Start of EXERCISE INPUTS

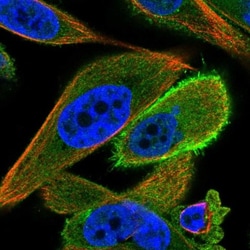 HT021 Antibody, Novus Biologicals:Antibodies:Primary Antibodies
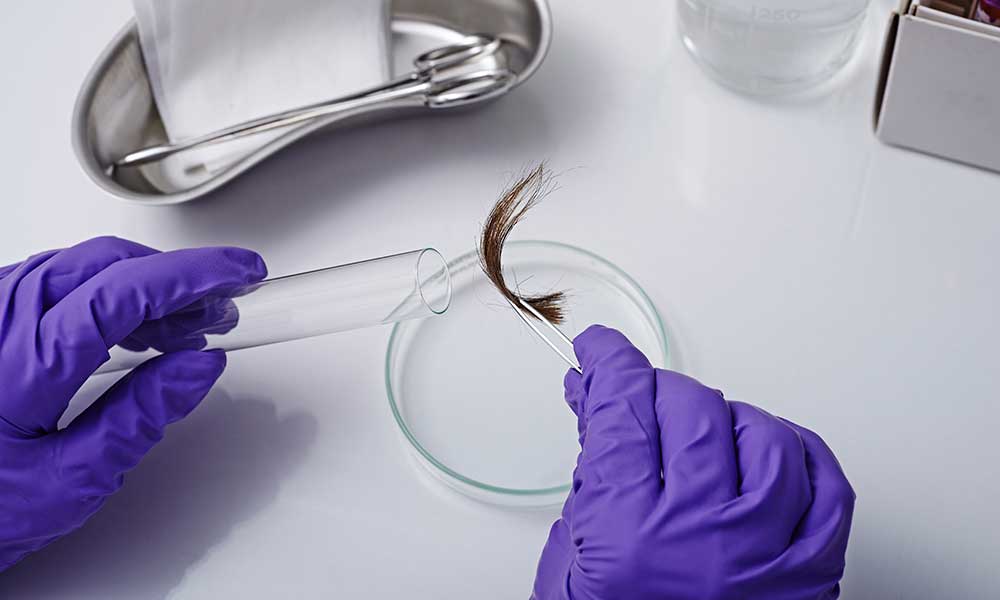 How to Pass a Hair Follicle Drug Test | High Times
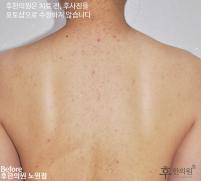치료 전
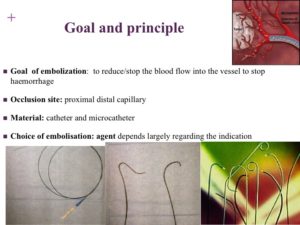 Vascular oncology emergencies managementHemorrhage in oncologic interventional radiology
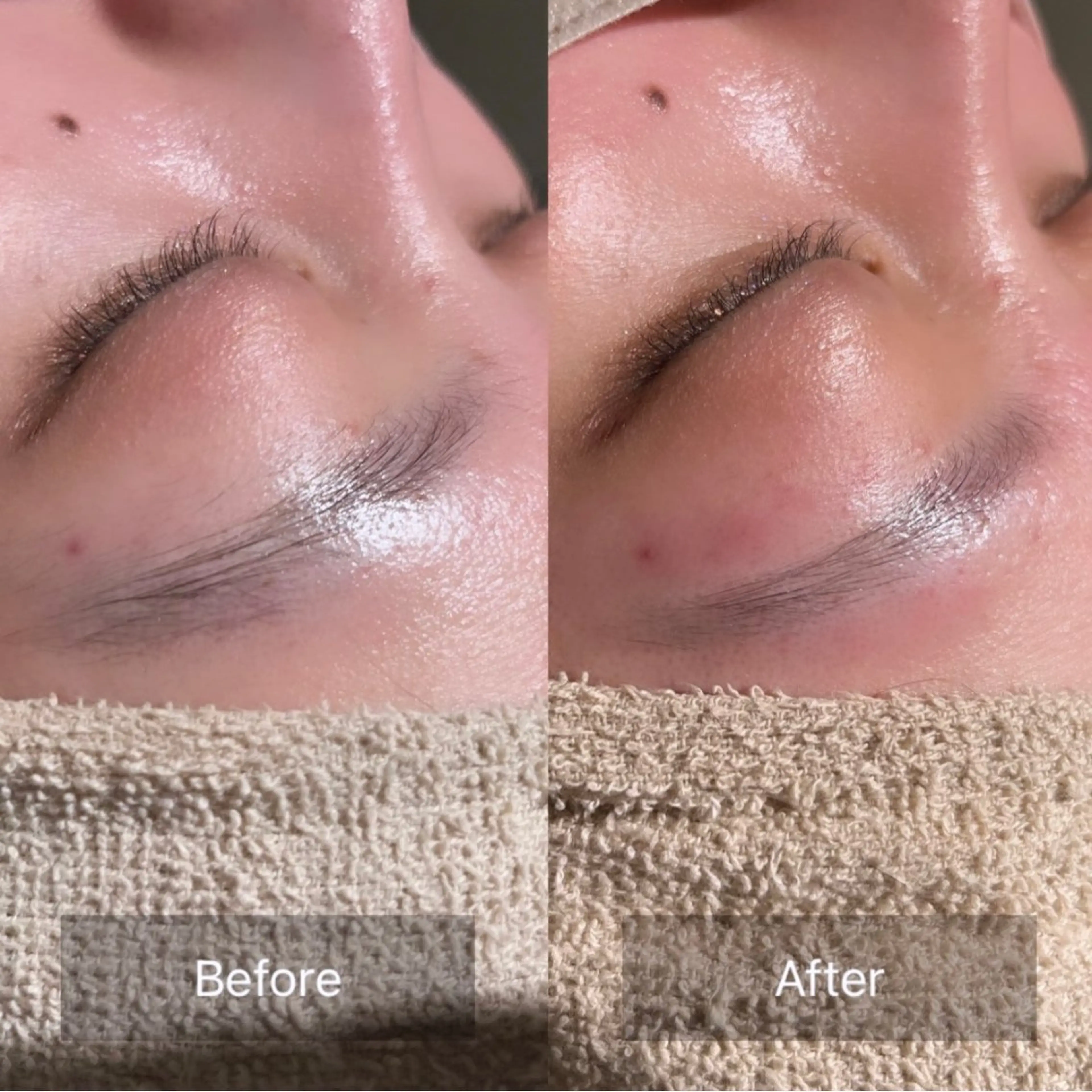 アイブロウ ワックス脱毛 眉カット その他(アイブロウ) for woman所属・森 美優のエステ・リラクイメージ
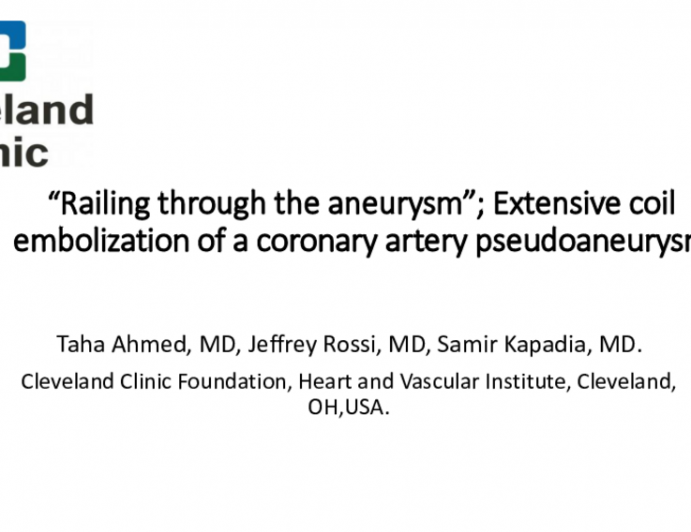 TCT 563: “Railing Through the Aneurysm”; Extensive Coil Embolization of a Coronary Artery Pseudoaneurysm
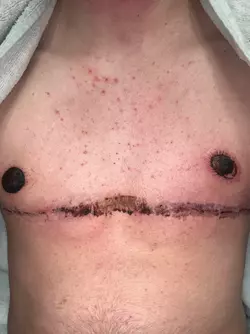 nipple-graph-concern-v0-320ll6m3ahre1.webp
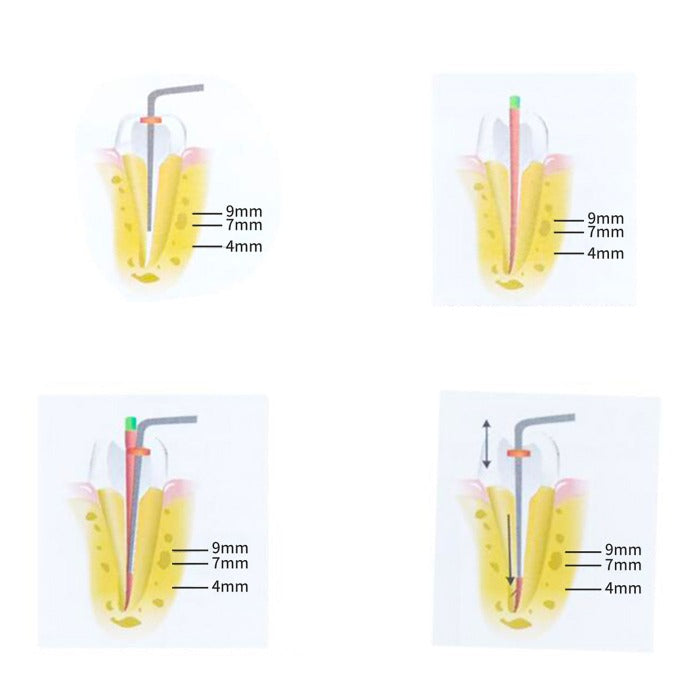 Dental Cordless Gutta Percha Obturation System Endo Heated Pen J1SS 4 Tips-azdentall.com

End of EXERCISE INPUTS

EXERCISE PROMPT.
Your answer must be a verbatim copy of the entries above, with no images included.

ANSWER TO THIS EXERCISE.
 HT021 Antibody, Novus Biologicals:Antibodies:Primary Antibodies
 How to Pass a Hair Follicle Drug Test | High Times
치료 전
 Vascular oncology emergencies managementHemorrhage in oncologic interventional radiology
 アイブロウ ワックス脱毛 眉カット その他(アイブロウ) for woman所属・森 美優のエステ・リラクイメージ
 TCT 563: “Railing Through the Aneurysm”; Extensive Coil Embolization of a Coronary Artery Pseudoaneurysm
 nipple-graph-concern-v0-320ll6m3ahre1.webp
 Dental Cordless Gutta Percha Obturation System Endo Heated Pen J1SS 4 Tips-azdentall.com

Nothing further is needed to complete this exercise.